What you have to do
Only the lines below from the one containing "Photo - 9921 Amosite Dr" through the one containing "1BR Cozy Apt" belong in the answer, set down exactly, with the pictures left out.

━━━━━ Raw data

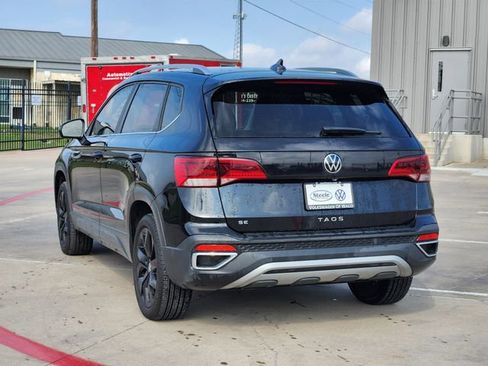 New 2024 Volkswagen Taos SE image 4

━━━━━━━━━━
━━━━━ Raw data

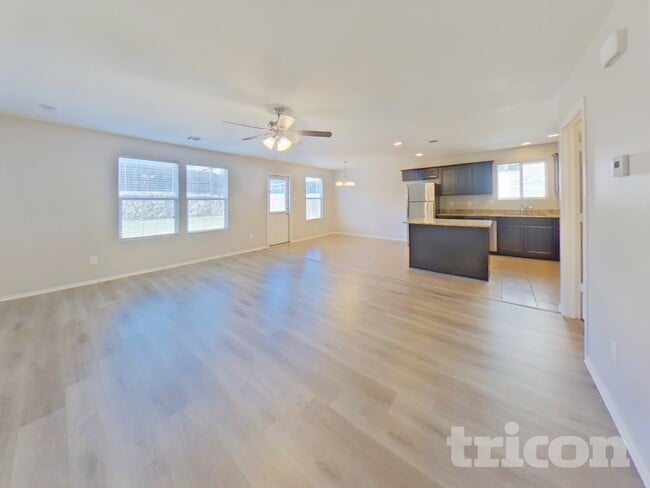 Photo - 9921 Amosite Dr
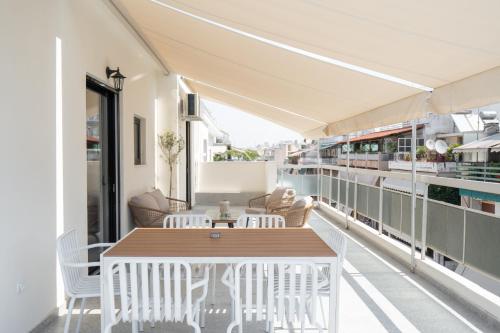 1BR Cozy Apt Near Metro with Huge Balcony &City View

━━━━━━━━━━

Solution to the exercise
 Photo - 9921 Amosite Dr
 1BR Cozy Apt Near Metro with Huge Balcony &City View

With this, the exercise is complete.